A Sr.ª Presidente da Assembleia da República: — Em representação do Bloco de Esquerda, tem a
palavra o Sr. Deputado Pedro Filipe Soares.
O Sr. Pedro Filipe Soares (BE): — Sr. Presidente da República, Sr.a Presidente da Assembleia da
República, Srs. Presidentes do Tribunal Constitucional e do Supremo Tribunal de Justiça, Sr. Primeiro-Ministro
e demais Membros do Governo, Sr.as e Srs. Deputados, Sr.as e Srs. Convidados, Minhas Senhoras e Meus
Senhores:
Nessa madrugada do dia 25 de Abril de 1974, em que os capitães saíram à rua pela liberdade, eu ainda
não era nascido. Eu e tantas e tantos somos filhos da Revolução. Para nós, a liberdade foi sempre tão natural
como o respirar, e o único regime que conhecemos é o democrático. E por ser tão natural, valorizamos mais
essa conquista e aqueles que a fizeram. Esse abalo redentor mostrou a força de um povo, que de um golpe
militar, fez uma revolução. Mostrou como o futuro se fez presente e bebeu de um trago a liberdade. A
liberdade de expressão, o direito à manifestação ou de associação foram num ápice forjados nas ruas, muito
antes de chegarem a ser leis.
Hoje, comemoramos esse momento fundamental e os 40 anos da Assembleia Constituinte que lhe está
umbilicalmente ligada. Esse processo constituinte foi exemplar: tão vivo, controverso, radical no seu debate e
na sede de participação, que foi um hino à democracia. Esses momentos fortes e processos tão marcantes
não podem ser transformados em salamaleques, não se esgotam nos protocolos, nas marchas pomposas,
nem se apoucam com os que se envergonham com os cravos. Eles não ficam acantonados na História,
porque fazem parte da vida e da identidade do País. E os homens e as mulheres que os protagonizaram
venceram uma ditadura brutal e sanguinária, que perseguia quem tinha opinião, torturava quem sonhava a
liberdade, tornava proscritos os homossexuais e as mulheres mantinha-as num conservador patriarcado,
condenando os jovens à guerra colonial ou à deserção. Eram livres de espírito, deram corpo à resistência e
arrancaram a ferros a liberdade: são os heróis que abriram a porta a essa madrugada libertadora.

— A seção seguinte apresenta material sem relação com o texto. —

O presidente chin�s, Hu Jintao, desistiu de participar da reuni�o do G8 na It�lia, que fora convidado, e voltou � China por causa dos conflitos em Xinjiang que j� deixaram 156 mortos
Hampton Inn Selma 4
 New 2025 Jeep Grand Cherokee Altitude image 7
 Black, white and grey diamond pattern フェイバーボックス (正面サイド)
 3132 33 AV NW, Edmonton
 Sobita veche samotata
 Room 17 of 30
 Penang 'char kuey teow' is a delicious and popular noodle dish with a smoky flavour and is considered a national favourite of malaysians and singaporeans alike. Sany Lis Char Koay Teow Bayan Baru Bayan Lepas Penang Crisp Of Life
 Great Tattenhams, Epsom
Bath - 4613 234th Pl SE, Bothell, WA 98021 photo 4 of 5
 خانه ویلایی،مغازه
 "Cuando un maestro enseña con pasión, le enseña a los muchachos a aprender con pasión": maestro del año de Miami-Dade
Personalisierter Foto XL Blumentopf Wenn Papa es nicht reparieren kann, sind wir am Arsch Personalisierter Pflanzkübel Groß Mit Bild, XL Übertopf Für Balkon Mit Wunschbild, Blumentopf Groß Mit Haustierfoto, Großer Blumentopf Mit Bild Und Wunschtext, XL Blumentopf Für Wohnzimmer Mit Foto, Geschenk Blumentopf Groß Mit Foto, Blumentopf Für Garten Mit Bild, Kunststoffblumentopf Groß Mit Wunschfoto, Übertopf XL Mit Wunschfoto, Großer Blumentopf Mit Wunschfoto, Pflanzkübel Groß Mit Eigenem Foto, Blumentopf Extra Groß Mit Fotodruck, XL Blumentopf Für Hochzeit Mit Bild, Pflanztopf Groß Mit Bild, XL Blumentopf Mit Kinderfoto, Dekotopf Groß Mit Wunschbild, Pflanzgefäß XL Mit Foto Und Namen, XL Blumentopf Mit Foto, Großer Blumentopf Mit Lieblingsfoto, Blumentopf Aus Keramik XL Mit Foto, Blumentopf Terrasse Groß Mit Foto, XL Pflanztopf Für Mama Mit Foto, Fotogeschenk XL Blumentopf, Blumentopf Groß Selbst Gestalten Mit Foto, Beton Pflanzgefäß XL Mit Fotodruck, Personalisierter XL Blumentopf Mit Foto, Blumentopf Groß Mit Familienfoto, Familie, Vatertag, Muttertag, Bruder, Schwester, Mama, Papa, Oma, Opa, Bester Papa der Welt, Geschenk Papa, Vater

A escola pública, o Serviço Nacional de Saúde, a proteção social, os direitos laborais e a participação
cidadã tinham a marca genética da igualdade, da justiça e da solidariedade semeadas em Abril. Começava a
modernidade no País.
Veio depois a abertura à Europa e o prenúncio de uma terra mais plena perante a queda dos muros. Mas
vemos hoje como entre os sonhos e a dureza da realidade muito temos ainda a haver. Da queda do Muro de
Berlim, aos novos muros internos criados, até ao cadafalso do Mediterrâneo. E aqueles homens, mulheres e
crianças que fogem à guerra, à fome e à violência, que são depois vítimas de pirataria humana, esbarram
contra a Europa fortaleza que, em vez de se mobilizar para os acolher, se mobiliza para os devolver. Onde
está a consciência europeia, a defesa dos direitos humanos, ou até a assunção das responsabilidades que a
Europa tem nos conflitos armados que expulsam estas populações das suas terras? Não existe. Existe um
diretório e uma troica, de plantão.
Como há tantos sonhos, tantos valores, tantas promessas ainda por cumprir!
Quarenta e um anos depois da Revolução de Abril, 40 anos depois das eleições para a Assembleia
Constituinte, a democracia já não é uma criança, mas ainda não se assume plena e integral. A narrativa da
inevitabilidade torna cinzenta a democracia. A austeridade é apresentada como o alfa e o ómega, o princípio e
o fim de todas as escolhas.
E é pela voz do próprio Presidente da República que chega mais insistentemente esta ladainha. Quando
tenta impor o consenso na austeridade inscrito à partida nos programas eleitorais, quer uma democracia
tutelada. Na chantagem para uma maioria absoluta, qualquer que seja o veredito popular, quer uma
democracia condicionada. Assistimos, assim, a um pensamento que de tão único que quer ser é o eucalipto
que tudo seca, que afasta os cidadãos porque lhes diz que o seu voto não conta para nada, não faz qualquer
diferença. É a caricatura de uma democracia porque verdadeiramente nada decide, instrumentalizada para
legitimar o que, independentemente da decisão popular, já está previamente acordado.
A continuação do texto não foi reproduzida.